In the same skillet, add the sliced onion, red, green, and yellow bell peppers. Sprinkle the remaining fajita seasoning over the vegetables. Cook for 5-7 minutes, stirring frequently, until the vegetables are tender-crisp.
Add the minced garlic to the skillet and cook for 1 minute until fragrant.
Return the cooked chicken to the skillet with the vegetables. Pour in the low sodium chicken broth and stir to combine. Cook for 2-3 minutes to allow the flavors to meld and the liquid to reduce slightly.
Remove the skillet from heat. Stir in the fat-free plain Greek yogurt and fresh lime juice until the sauce is creamy and well combined.
Add the cooked pasta to the skillet and toss everything together until evenly coated.

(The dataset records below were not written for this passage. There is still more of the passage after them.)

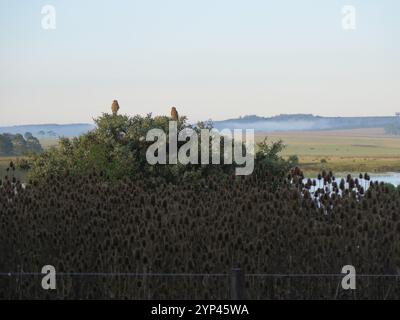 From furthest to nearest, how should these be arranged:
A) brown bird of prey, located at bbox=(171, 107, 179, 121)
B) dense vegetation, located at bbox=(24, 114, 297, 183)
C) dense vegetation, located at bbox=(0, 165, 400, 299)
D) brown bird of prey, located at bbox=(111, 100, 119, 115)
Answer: brown bird of prey, located at bbox=(111, 100, 119, 115), brown bird of prey, located at bbox=(171, 107, 179, 121), dense vegetation, located at bbox=(24, 114, 297, 183), dense vegetation, located at bbox=(0, 165, 400, 299)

Sprinkle chopped fresh cilantro over the pasta and serve immediately.
- Prep Time: 15 minutes
- Cook Time: 20 minutes
Kitchen Notes: I usually use a large skillet that holds everything comfortably, but if yours is a bit smaller, just cook the chicken and veggies in batches. This dish pairs wonderfully with a simple green salad or even some avocado slices on the side. Sometimes, I swap the chicken for shrimp or tofu — it’s worth experimenting, though I haven’t tested all the variations thoroughly. Also, adding a sprinkle of cheese on top can be nice if you’re not so strict about calories.
FAQ
Can I make this ahead of time? Yes, leftovers keep well in the fridge for a few days. Just reheat gently, adding a splash of broth or water to keep it moist.
Is the yogurt necessary? It adds creaminess without heaviness, but if you don’t have it, a little sour cream or even a dash of milk can work in a pinch.
What if I don’t have all the spices? No worries — a premade fajita or taco seasoning can substitute, just watch the salt level.
Give this a try next time you want something colorful, quick, and a bit different from your usual pasta dinners. It’s one of those meals that feels like a little celebration, even if you’re just sitting at your kitchen counter with one eye on your phone.